Reinforcement Learning - Mathematical Foundations

MDP (Markov Decision Process)

We usually define an MDP as a tuple \((\mathcal{S}, \mathcal{A}, p, R, \gamma)\).

State Set (\(\mathcal{S}\)): The set of all possible states of the environment.

The state at time \(t\), \(S_t\), always takes values in \(\mathcal{S}\).

Action Set (\(\mathcal{A}\)): The set of all possible actions the agent can take.

The action at time \(t\), \(A_t\), always takes values in \(\mathcal{A}\).

Transition Function (\(p\)): Describes how the state of the environment changes.

\[p: \mathcal{S} \times \mathcal{A} \times \mathcal{S} \rightarrow [0,1]\]

For all \(s \in \mathcal{S}\), \(a \in \mathcal{A}\), \(s’ \in \mathcal{S}\), and \(t \in \mathbb{N}_{\geq 0}\):

\[p(s,a,s') := \text{Pr}(S_{t+1}=s' | S_t=s, A_t=a)\]

A transition function is deterministic if \(p(s,a,s’) \in \{0,1\}\) for all s, a, and s’

\(d_R\) describes how rewards are generated.

\[R_t \sim d_r(S_t, A_t, S_{t+1})\]

Reward Function (\(R\)): A function implicitly defined by the reward distribution \(d_R\), which describes how rewards are generated.

\[R: \mathcal{S} \times \mathcal{A} \rightarrow \mathbb{R}\] \[R(s,a) := \mathrm{R}[R_t|S_t = s, A_t = a]\]

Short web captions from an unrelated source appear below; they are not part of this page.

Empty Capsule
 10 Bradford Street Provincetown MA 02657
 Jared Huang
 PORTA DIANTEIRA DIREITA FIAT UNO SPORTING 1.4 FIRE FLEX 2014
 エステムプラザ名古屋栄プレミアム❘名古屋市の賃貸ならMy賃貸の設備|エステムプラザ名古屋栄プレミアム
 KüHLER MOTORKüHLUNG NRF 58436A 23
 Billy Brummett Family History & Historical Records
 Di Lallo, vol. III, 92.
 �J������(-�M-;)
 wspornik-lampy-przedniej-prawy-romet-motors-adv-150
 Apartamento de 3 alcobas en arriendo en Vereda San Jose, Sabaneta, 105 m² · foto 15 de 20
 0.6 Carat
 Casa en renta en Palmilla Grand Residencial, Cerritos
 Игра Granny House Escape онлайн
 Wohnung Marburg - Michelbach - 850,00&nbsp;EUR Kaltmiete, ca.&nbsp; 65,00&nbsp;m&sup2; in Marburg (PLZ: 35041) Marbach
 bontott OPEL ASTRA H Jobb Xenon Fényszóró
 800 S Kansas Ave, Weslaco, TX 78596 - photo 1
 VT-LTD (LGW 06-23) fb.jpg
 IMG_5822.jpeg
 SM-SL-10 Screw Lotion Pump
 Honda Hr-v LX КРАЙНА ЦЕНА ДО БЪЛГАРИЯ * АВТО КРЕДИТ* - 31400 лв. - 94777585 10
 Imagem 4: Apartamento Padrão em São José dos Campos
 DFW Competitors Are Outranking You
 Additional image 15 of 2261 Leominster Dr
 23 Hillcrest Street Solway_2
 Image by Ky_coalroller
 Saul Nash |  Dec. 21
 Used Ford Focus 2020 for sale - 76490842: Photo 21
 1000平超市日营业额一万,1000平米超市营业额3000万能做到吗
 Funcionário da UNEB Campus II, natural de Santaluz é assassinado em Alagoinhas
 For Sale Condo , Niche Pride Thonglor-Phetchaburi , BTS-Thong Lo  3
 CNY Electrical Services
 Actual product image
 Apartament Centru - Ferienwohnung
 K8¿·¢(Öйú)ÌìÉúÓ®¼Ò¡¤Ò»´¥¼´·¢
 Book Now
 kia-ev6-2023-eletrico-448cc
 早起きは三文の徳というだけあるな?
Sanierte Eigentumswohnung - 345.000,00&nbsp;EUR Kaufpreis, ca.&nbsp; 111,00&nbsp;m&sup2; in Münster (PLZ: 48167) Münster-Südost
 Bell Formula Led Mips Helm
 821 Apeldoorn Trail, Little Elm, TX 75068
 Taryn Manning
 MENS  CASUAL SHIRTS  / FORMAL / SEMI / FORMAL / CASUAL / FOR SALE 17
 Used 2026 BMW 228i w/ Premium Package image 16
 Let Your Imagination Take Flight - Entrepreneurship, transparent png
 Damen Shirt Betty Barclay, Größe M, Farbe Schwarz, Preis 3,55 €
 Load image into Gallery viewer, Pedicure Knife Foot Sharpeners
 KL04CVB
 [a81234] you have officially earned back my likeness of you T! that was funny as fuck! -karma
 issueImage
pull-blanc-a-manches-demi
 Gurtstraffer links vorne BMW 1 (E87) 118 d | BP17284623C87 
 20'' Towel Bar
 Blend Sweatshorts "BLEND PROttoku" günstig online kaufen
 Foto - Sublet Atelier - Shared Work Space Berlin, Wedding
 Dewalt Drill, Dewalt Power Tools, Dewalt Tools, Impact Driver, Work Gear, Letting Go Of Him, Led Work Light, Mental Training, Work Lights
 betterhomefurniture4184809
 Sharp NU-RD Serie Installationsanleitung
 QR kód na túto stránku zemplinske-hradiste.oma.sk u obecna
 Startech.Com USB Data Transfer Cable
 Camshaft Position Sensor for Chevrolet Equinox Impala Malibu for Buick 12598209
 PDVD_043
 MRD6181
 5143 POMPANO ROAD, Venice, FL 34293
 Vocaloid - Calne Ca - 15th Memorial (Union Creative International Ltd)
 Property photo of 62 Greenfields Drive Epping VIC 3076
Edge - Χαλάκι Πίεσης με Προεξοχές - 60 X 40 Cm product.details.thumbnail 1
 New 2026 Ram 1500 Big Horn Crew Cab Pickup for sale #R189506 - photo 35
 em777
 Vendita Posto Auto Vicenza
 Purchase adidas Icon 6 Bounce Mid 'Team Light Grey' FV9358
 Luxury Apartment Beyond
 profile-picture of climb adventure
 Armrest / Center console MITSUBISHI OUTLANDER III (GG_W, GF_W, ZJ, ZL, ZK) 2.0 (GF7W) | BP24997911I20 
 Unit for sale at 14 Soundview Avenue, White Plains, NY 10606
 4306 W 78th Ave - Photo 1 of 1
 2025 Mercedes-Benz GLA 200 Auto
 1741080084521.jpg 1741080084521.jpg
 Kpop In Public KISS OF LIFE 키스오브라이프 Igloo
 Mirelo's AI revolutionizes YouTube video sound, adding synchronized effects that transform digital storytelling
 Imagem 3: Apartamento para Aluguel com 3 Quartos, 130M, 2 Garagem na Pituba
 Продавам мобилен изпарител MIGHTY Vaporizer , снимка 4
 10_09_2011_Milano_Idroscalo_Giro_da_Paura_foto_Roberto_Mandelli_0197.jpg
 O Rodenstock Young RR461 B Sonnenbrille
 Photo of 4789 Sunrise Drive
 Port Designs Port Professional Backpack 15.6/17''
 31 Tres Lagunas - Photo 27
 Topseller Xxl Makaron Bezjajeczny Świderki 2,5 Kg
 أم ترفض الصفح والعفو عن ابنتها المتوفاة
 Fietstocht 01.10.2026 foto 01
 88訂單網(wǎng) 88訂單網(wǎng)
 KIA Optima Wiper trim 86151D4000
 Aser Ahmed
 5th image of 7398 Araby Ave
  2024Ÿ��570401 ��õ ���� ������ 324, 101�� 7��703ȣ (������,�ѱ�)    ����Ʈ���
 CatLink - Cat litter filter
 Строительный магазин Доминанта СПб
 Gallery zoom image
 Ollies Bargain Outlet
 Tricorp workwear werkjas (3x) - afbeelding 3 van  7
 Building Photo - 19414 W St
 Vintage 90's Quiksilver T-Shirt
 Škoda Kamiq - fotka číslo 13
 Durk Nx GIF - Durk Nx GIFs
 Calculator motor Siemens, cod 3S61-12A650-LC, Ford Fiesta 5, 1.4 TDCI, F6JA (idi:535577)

Initial State Distribution (\(d_0\)):

\[d_0: \mathcal{S} \rightarrow [0,1]\] \[d_0(s) = \text{Pr}(S_0=s)\]

Discount Factor (\(\gamma\)): A parameter in \([0,1]\) that discounts future rewards.

Objective

The goal is to find an optimal policy \(\pi^*\) that maximizes the expected total amount of discounted reward.

\(G^i\) denotes the return of the i-th episode.
\(R^i_t\) denotes the reward at time \(t\) during episode \(i\).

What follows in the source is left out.